Vamos primeiro para dentro de campo, que é o que mais importa (ou deveria importar). Ronaldinho tem 30 para 31 anos. Longe está de ser um jogador acabado, mesmo que o vigor da juventude não volte mais. Mesmo assim, sua qualidade técnica é tão absurda que o normal é ele sobrar em gramados brasileiros. Não porque o Campeonato Brasileiro seja inferior aos nacionais de Espanha e Itália, pelo contrário, é um campeonato de nível mais alto. Mas aqui não há problema algum de adaptação, as regras são menos rígidas. Em vez de vislumbrar um fracasso e atuações apagadas, é muito maior a chance de que Ronaldinho repita os casos recentes de Adriano e, especialmente, Robinho. Dentro de campo, os resultados são incontestáveis.

Se a vida fora de campo é problema, Renato Portaluppi é mais malandro que ele. Sua tarefa em 2011 não será a do linha dura que enfrentará o medalhão. Será a de 2010, quando recuperou Douglas e o fez jogar tudo o que sabe e ainda dar carrinhos, necessários ou não. Ronaldinho é um gênio do futebol, tem mesmo que jogar. O time não ficará obrigatoriamente mais aberto com sua presença. Se permanecer o mesmo que chegou em quarto lugar no Brasileirão, basta passar Lúcio para a lateral. Seria, grosseiramente falando, trocar a presença de Fábio Santos no time pela de Ronaldinho. Sem comentários.
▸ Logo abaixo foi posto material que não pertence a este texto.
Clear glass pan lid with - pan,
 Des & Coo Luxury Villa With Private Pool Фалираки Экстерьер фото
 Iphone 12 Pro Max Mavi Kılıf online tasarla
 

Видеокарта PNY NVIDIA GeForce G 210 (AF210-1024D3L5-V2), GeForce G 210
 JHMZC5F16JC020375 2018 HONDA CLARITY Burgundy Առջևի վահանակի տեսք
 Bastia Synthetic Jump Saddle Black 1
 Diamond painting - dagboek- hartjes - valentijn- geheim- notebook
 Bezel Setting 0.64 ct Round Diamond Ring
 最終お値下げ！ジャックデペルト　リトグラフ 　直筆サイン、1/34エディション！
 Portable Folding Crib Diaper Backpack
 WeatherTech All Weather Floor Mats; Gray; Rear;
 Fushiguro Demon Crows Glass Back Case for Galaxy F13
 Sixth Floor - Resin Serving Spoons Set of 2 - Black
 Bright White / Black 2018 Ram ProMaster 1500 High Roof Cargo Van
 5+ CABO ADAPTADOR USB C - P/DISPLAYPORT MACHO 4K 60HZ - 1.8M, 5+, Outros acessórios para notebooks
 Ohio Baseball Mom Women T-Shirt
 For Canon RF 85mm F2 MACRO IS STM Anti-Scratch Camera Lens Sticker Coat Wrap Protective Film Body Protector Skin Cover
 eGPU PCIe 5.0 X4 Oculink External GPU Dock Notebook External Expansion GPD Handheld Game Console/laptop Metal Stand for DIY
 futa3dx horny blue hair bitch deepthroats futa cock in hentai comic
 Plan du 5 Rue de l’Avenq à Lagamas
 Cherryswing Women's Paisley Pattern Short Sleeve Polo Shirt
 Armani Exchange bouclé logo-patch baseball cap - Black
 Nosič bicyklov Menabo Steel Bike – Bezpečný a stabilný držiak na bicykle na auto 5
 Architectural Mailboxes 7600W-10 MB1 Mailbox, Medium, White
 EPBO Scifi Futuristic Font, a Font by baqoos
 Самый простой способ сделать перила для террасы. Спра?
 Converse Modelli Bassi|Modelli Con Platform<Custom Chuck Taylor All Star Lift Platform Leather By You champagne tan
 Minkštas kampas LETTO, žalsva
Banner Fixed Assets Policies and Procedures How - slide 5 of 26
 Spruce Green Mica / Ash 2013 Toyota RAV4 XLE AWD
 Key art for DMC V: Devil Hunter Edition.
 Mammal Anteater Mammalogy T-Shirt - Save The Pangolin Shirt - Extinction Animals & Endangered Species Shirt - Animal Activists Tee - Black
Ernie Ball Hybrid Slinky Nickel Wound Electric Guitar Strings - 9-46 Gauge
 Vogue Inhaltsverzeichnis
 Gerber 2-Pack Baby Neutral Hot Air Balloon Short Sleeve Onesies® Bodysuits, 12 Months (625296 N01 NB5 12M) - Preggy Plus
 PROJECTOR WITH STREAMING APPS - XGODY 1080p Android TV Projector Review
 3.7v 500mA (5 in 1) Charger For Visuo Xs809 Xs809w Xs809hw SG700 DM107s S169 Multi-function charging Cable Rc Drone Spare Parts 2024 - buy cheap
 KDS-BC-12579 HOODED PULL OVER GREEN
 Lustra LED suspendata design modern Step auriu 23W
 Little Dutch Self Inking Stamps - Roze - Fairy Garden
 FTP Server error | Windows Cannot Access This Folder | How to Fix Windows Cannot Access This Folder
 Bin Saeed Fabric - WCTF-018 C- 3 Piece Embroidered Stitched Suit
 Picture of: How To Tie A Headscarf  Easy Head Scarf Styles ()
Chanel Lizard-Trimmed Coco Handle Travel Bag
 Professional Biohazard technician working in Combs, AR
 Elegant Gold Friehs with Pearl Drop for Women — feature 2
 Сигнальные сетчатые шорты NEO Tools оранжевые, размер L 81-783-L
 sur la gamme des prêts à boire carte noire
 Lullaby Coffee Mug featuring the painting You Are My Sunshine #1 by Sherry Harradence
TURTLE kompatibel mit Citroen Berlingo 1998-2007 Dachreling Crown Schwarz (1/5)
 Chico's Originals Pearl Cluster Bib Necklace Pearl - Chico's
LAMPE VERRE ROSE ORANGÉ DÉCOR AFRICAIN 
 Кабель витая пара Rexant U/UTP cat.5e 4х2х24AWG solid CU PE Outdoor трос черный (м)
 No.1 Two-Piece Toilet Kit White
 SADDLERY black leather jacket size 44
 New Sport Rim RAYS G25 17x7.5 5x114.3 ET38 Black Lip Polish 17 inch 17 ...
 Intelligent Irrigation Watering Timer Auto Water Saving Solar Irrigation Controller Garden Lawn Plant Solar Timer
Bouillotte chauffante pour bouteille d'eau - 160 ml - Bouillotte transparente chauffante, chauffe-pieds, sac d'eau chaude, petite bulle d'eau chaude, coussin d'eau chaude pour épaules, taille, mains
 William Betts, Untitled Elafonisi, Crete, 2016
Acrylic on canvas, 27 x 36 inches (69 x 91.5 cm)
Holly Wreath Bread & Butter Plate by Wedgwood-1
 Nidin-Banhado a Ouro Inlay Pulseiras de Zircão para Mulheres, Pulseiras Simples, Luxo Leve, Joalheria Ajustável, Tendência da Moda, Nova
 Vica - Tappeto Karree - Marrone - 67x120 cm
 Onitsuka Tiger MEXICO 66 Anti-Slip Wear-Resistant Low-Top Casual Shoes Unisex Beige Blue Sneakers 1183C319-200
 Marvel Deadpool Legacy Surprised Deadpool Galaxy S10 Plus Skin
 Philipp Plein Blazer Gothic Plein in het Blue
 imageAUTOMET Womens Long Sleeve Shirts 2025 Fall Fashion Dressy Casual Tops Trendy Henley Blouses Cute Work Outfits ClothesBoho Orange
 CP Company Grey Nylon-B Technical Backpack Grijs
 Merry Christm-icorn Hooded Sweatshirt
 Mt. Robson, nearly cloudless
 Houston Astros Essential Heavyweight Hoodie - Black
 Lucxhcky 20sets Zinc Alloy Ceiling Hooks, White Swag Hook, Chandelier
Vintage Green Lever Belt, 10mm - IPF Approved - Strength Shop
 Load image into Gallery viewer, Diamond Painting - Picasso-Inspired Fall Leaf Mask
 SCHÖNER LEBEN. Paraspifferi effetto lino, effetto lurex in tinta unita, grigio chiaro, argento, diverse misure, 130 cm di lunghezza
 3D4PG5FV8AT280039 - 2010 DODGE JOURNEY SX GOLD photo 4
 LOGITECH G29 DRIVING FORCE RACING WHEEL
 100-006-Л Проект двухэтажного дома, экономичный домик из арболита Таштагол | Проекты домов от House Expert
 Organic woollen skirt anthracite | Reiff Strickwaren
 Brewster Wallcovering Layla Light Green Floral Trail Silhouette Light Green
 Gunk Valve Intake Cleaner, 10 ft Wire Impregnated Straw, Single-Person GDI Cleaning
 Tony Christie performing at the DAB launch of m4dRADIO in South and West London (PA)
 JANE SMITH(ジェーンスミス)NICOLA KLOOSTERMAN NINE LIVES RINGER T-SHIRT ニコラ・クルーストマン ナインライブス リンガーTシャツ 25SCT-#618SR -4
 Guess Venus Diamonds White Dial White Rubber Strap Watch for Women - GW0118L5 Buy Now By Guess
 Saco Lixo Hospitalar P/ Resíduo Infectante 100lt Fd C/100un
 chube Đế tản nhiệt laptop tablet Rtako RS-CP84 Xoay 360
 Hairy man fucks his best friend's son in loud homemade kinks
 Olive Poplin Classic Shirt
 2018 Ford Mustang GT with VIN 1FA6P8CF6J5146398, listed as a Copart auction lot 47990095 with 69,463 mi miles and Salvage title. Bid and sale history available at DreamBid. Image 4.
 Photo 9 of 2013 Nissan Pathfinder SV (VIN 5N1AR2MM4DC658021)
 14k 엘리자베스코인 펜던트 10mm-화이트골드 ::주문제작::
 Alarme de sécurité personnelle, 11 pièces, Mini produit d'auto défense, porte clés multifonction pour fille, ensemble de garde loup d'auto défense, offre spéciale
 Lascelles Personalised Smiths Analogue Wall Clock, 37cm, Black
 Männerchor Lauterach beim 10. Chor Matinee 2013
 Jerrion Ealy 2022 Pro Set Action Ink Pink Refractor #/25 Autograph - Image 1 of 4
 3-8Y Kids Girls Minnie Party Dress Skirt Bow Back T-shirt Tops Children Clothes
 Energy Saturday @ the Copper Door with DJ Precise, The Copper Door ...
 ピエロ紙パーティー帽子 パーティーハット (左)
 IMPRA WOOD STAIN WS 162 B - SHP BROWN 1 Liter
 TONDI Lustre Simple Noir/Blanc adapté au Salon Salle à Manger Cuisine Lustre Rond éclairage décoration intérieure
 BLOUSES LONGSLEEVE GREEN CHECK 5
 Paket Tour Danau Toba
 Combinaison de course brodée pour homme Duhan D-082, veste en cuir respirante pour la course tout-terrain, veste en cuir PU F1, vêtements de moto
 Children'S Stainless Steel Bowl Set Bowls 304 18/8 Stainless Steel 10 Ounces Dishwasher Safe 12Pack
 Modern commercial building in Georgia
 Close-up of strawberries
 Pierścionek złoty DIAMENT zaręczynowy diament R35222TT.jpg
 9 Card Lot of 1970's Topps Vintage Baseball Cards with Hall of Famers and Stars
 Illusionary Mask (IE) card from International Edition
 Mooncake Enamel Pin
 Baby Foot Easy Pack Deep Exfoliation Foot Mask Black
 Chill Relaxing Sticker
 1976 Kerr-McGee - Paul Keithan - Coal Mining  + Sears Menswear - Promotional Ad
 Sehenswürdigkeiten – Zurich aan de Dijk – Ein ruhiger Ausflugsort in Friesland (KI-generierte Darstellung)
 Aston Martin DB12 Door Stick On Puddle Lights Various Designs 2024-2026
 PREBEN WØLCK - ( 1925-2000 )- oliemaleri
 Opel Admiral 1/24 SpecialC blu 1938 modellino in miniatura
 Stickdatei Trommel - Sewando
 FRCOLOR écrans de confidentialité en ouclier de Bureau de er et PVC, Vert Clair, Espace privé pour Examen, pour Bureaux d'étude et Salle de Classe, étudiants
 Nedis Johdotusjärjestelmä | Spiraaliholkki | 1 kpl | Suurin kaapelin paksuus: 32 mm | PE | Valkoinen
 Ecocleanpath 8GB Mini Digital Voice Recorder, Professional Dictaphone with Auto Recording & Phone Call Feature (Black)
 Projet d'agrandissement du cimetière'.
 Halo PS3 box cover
A rejeição da torcida existe e é justa, mas não deve se constituir em um empecilho que inviabilize sua volta. Todas as interativas feitas no último sábado indicam mais de 70% de aprovação à contratação. Esta parcela mais resistente da torcida não será conquistada por planos de marketing. Todos viveram aquele período conturbado, e não será a presença de Ronaldinho em peças especiais produzidas pelo Grêmio que os farão mudar de opinião. Estes, ele terá que conquistar jogando bola, destruindo partidas, decidindo Gre-Nais, ganhando títulos.

E aí entra mais um ponto favorável à volta de Ronaldinho: embora seja um supercraque, duas vezes melhor do mundo, ele precisa provar. Tanto ele como Assis, como Odone e Vicente, reconhecem que há rejeição à sua figura. Portanto, mesmo sendo uma grande estrela, que sofrerá assédio incomensurável, Ronaldinho precisará dar retorno dentro de campo. Se não, sofrerá com as vaias. Mesmo sendo cria do Grêmio e posteriormente tenha traído a confiança do clube, ele sabe que um retorno ao Olímpico é sua grande chance de acabar em paz com o time que o projetou mundialmente. Se ele se importa um mínimo que seja com o Tricolor, precisará dar boa resposta.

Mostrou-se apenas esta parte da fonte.